Activity: Nothing but the lines from the line with "Scenic view of" to the end of the records below should appear in the answer, each exactly as given.

Data shown:
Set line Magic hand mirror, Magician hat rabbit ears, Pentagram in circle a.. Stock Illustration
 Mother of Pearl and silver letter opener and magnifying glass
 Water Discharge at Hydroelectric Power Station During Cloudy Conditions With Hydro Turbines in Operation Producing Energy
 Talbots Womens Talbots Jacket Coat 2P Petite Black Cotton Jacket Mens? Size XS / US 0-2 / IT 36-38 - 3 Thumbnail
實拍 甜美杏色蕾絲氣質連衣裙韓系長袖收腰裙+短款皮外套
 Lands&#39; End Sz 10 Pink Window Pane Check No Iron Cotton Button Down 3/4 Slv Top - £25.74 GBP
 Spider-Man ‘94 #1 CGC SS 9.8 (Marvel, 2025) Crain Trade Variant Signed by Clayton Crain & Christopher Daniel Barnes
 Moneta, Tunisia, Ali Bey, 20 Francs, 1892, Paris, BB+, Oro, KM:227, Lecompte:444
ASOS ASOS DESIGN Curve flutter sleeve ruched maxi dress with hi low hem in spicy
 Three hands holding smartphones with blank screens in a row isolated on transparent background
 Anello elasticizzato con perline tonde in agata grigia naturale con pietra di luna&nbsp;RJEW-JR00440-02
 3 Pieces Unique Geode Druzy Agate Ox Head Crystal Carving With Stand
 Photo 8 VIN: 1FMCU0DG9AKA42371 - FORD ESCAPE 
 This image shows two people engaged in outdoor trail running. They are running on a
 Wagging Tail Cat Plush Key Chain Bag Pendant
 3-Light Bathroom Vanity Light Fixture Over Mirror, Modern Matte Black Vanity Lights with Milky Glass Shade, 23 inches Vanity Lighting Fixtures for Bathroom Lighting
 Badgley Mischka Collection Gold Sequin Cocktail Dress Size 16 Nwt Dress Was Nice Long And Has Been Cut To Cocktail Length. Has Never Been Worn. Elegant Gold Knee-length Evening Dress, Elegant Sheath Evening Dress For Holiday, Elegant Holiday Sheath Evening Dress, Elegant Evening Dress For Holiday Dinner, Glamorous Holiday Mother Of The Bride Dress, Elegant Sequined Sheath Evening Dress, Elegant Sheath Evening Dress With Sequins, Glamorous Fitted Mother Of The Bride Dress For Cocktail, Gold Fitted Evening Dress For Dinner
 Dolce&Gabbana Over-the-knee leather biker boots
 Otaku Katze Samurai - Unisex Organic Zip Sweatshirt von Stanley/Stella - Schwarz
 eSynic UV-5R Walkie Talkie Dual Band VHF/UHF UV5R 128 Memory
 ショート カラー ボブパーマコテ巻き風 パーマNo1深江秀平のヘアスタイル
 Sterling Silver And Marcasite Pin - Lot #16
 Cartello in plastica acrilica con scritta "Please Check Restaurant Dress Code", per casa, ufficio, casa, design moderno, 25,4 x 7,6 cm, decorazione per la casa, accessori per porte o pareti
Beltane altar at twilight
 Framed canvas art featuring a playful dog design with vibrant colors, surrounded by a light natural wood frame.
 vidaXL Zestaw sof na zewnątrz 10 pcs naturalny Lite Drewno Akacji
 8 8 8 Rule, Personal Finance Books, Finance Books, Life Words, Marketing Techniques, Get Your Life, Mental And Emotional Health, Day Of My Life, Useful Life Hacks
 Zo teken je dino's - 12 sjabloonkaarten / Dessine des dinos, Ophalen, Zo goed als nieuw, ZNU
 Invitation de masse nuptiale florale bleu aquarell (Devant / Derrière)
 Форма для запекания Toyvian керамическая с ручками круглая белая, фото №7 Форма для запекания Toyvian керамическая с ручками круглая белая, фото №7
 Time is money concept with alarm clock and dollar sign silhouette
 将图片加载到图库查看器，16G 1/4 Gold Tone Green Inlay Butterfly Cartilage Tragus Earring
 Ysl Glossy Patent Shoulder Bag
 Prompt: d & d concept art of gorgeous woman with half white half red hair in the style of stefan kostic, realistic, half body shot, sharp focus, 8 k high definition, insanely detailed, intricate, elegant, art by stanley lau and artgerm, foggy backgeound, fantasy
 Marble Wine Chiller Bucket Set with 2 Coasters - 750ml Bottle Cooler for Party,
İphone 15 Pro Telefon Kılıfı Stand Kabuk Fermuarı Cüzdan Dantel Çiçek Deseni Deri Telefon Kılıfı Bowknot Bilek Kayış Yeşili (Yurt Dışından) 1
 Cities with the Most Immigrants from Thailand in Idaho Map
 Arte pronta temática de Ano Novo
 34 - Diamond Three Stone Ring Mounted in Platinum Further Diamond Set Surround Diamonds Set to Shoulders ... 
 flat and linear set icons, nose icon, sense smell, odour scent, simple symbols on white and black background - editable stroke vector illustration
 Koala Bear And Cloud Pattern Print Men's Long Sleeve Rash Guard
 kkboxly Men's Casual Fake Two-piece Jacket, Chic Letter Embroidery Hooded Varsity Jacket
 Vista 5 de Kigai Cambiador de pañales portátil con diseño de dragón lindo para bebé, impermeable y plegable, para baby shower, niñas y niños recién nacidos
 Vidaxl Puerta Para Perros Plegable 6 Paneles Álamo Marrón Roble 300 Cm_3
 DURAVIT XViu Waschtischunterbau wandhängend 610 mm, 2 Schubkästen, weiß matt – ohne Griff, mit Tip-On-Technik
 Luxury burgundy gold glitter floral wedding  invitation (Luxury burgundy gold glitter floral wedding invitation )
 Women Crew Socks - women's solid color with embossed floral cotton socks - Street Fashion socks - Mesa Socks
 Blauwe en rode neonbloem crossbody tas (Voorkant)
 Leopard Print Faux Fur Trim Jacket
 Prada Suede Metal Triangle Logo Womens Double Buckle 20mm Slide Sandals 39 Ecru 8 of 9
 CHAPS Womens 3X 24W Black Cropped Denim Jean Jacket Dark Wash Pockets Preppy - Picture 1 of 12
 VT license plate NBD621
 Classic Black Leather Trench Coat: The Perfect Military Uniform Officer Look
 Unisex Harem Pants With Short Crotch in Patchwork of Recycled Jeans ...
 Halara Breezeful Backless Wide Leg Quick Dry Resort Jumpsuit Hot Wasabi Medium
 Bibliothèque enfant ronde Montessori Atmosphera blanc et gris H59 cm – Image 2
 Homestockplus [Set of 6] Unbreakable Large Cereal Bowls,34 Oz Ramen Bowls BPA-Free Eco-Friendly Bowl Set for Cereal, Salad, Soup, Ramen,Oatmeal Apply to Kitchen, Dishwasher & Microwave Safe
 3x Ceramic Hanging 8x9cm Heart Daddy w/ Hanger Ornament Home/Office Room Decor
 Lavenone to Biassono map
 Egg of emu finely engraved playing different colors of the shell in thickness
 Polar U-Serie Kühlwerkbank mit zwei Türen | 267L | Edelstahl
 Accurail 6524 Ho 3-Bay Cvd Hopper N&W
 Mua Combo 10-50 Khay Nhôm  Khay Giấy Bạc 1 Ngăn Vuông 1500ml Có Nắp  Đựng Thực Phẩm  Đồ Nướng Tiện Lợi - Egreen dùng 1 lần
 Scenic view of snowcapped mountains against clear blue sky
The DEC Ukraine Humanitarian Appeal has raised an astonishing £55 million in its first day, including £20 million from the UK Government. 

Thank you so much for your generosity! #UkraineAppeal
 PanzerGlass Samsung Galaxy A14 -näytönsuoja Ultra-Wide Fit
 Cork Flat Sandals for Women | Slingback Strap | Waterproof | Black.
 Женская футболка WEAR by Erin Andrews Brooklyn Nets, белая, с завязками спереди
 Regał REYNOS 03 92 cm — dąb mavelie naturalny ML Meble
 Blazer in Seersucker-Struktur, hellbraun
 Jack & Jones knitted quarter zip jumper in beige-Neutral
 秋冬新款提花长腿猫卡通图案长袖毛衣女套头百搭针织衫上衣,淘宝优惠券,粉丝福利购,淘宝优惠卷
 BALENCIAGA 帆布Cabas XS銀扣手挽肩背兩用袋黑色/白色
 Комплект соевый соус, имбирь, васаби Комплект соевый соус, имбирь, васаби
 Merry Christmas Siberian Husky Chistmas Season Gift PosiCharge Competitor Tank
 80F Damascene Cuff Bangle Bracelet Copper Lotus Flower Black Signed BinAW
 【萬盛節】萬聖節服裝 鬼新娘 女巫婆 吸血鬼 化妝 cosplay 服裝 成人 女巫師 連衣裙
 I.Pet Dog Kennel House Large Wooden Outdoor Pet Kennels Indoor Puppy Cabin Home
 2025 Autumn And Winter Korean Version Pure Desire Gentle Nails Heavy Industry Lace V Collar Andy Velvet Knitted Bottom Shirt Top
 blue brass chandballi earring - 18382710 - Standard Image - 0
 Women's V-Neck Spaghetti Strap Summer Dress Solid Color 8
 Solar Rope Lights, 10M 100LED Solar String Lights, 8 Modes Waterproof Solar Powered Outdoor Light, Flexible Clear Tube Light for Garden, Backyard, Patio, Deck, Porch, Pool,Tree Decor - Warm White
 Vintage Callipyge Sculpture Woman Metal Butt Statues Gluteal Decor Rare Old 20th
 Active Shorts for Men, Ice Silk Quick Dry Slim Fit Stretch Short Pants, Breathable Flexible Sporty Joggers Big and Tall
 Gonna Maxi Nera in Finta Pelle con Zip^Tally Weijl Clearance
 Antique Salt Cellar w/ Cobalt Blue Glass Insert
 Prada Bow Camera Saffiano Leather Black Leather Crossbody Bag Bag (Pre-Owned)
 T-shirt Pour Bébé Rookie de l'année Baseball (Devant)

Written answer:
 Scenic view of snowcapped mountains against clear blue sky
The DEC Ukraine Humanitarian Appeal has raised an astonishing £55 million in its first day, including £20 million from the UK Government. 

Thank you so much for your generosity! #UkraineAppeal
 PanzerGlass Samsung Galaxy A14 -näytönsuoja Ultra-Wide Fit
 Cork Flat Sandals for Women | Slingback Strap | Waterproof | Black.
 Женская футболка WEAR by Erin Andrews Brooklyn Nets, белая, с завязками спереди
 Regał REYNOS 03 92 cm — dąb mavelie naturalny ML Meble
 Blazer in Seersucker-Struktur, hellbraun
 Jack & Jones knitted quarter zip jumper in beige-Neutral
 秋冬新款提花长腿猫卡通图案长袖毛衣女套头百搭针织衫上衣,淘宝优惠券,粉丝福利购,淘宝优惠卷
 BALENCIAGA 帆布Cabas XS銀扣手挽肩背兩用袋黑色/白色
 Комплект соевый соус, имбирь, васаби Комплект соевый соус, имбирь, васаби
 Merry Christmas Siberian Husky Chistmas Season Gift PosiCharge Competitor Tank
 80F Damascene Cuff Bangle Bracelet Copper Lotus Flower Black Signed BinAW
 【萬盛節】萬聖節服裝 鬼新娘 女巫婆 吸血鬼 化妝 cosplay 服裝 成人 女巫師 連衣裙
 I.Pet Dog Kennel House Large Wooden Outdoor Pet Kennels Indoor Puppy Cabin Home
 2025 Autumn And Winter Korean Version Pure Desire Gentle Nails Heavy Industry Lace V Collar Andy Velvet Knitted Bottom Shirt Top
 blue brass chandballi earring - 18382710 - Standard Image - 0
 Women's V-Neck Spaghetti Strap Summer Dress Solid Color 8
 Solar Rope Lights, 10M 100LED Solar String Lights, 8 Modes Waterproof Solar Powered Outdoor Light, Flexible Clear Tube Light for Garden, Backyard, Patio, Deck, Porch, Pool,Tree Decor - Warm White
 Vintage Callipyge Sculpture Woman Metal Butt Statues Gluteal Decor Rare Old 20th
 Active Shorts for Men, Ice Silk Quick Dry Slim Fit Stretch Short Pants, Breathable Flexible Sporty Joggers Big and Tall
 Gonna Maxi Nera in Finta Pelle con Zip^Tally Weijl Clearance
 Antique Salt Cellar w/ Cobalt Blue Glass Insert
 Prada Bow Camera Saffiano Leather Black Leather Crossbody Bag Bag (Pre-Owned)
 T-shirt Pour Bébé Rookie de l'année Baseball (Devant)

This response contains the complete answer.